War criminal or not, doesn't this violate the principle of being allowed to confront your accusers?

Paul Deavereaux

Ratko is no prize. A couple days ago he gave a throat-slitting hand signal to survivors of his butchery.. the court did not like it.

And yet all is not yet lost in the USA...

"An Obama-appointed judge rules its indefinite detention provisions likely violate the 1st and 5th Amendments"

http://www.salon.com/2012/05/16/federal_court_enjoins_ndaa/singleton/

All it might take is a US judge to stand up for the Constitution instead of rolling over to Authority. I hope her action emboldens other judges to stick to the Law instead of sticking it to the rest of us.

The Twisted Genius

Why prosecutors are so prone to this underhanded, despicable and often illegal behavior is beyond me. They are often the most vociferous opponents of allowing exculpatory evidence to surface that may free wrongly convicted people. They have no interest in justice, just winning. As much as I dislike mandatory sentencing guidelines, prosecutorial misconduct should carry hefty prison sentences... among the general prison population.

Walrus

AMEN!!

confusedponderer
Why prosecutors are so prone to this underhanded, despicable and often illegal behavior is beyond me.

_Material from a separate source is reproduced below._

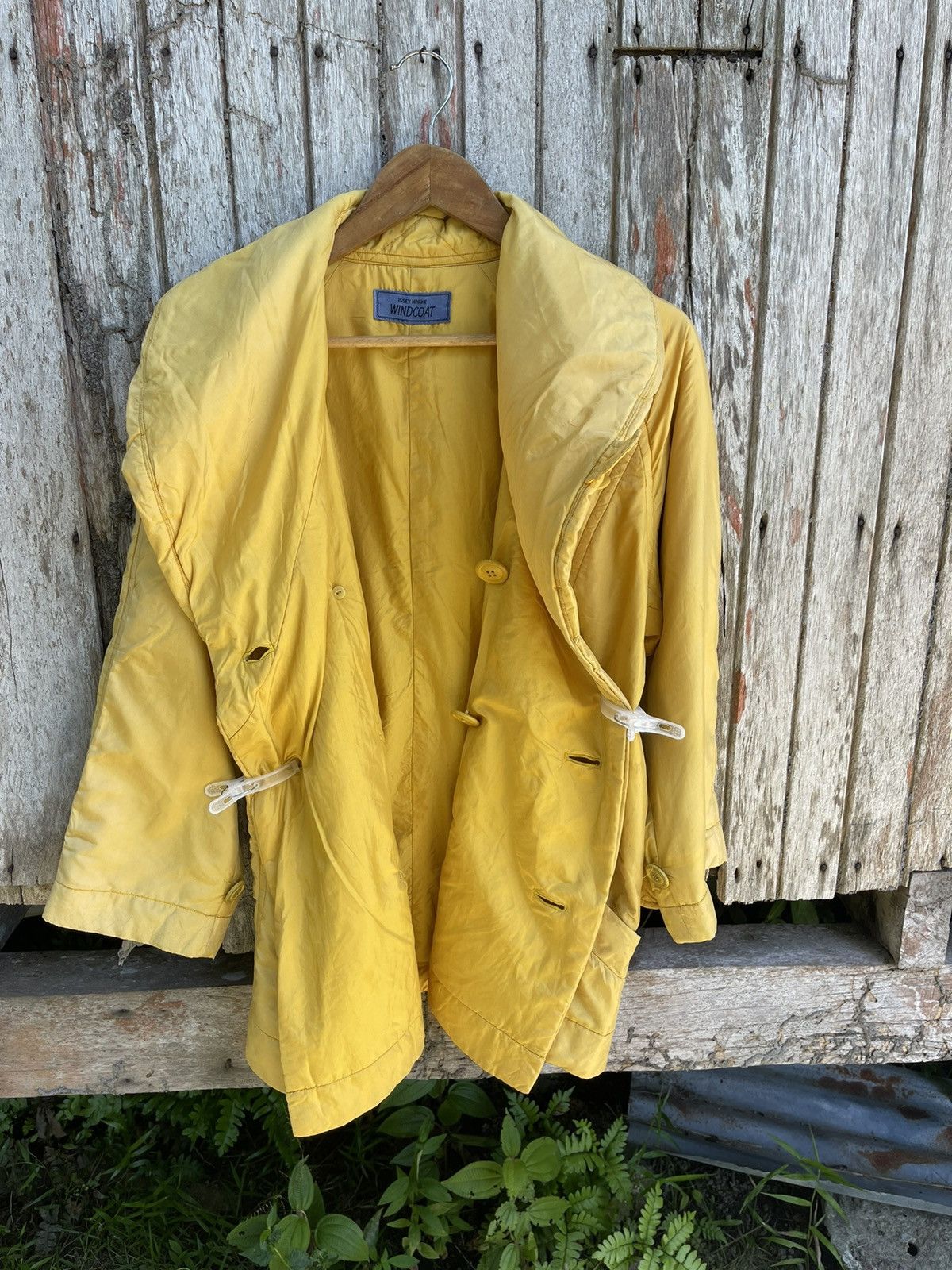 Issey Miyake Vintage 80s Issey Miyake WINDCOAT Yellow Oversized Jacket Size US M / EU 48-50 / 2 - 14 Thumbnail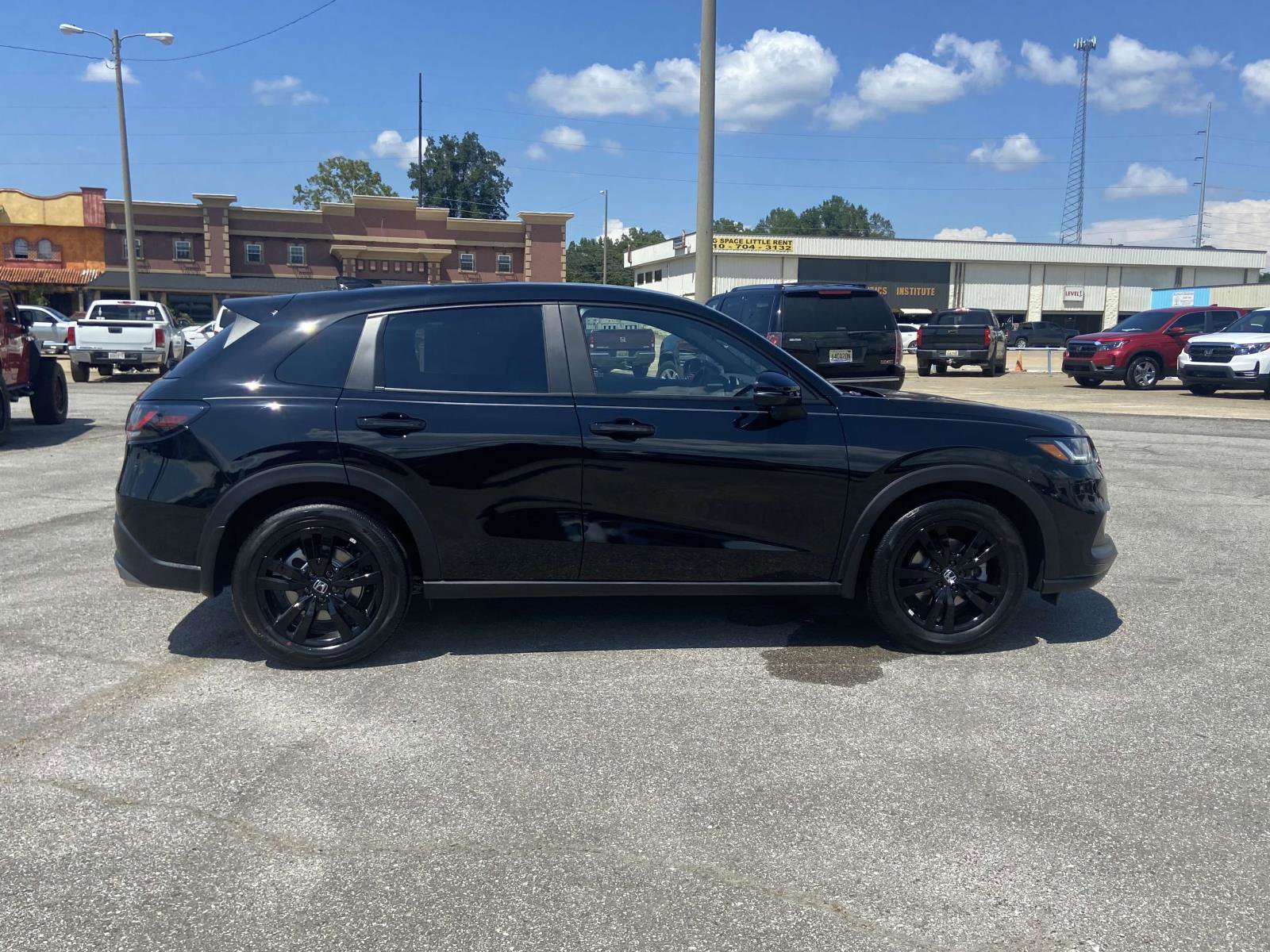 New 2026 Honda HR-V Sport image 2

They are often the most vociferous opponents of allowing exculpatory evidence to surface that may free wrongly convicted people. They have no interest in justice, just winning.
You're witnessing the downside of for instance the iirc elected office of, say, a District Attorney (DA), being for many simply an opportunity to pad their résumés before launching their political careers.

A record of won cases, of having been 'tough on crime', helps. For public office in Texas a few death penalties won probably are a political necessity for a career in the Texas republican party. I may exaggerate a bit.

turcopolier

CP

Yes, you are distorting the facts. Justice Department career prosecutors are equally slippery in their treatment of "discovery," and there is no recourse to the ballot box against them. pl

kao_hsien_chih

This is a consequence the way Mladich and other "war criminals" have been so villified in the international press for so long (comparisons to another case of much less long term notoriety that has received much attention here of late will be deliberately ignored, although hinted at). Since the man is so "obviously guilty," the failure to convict him on the worst possible charges is unacceptable to those who set up this so-called international "criminal court."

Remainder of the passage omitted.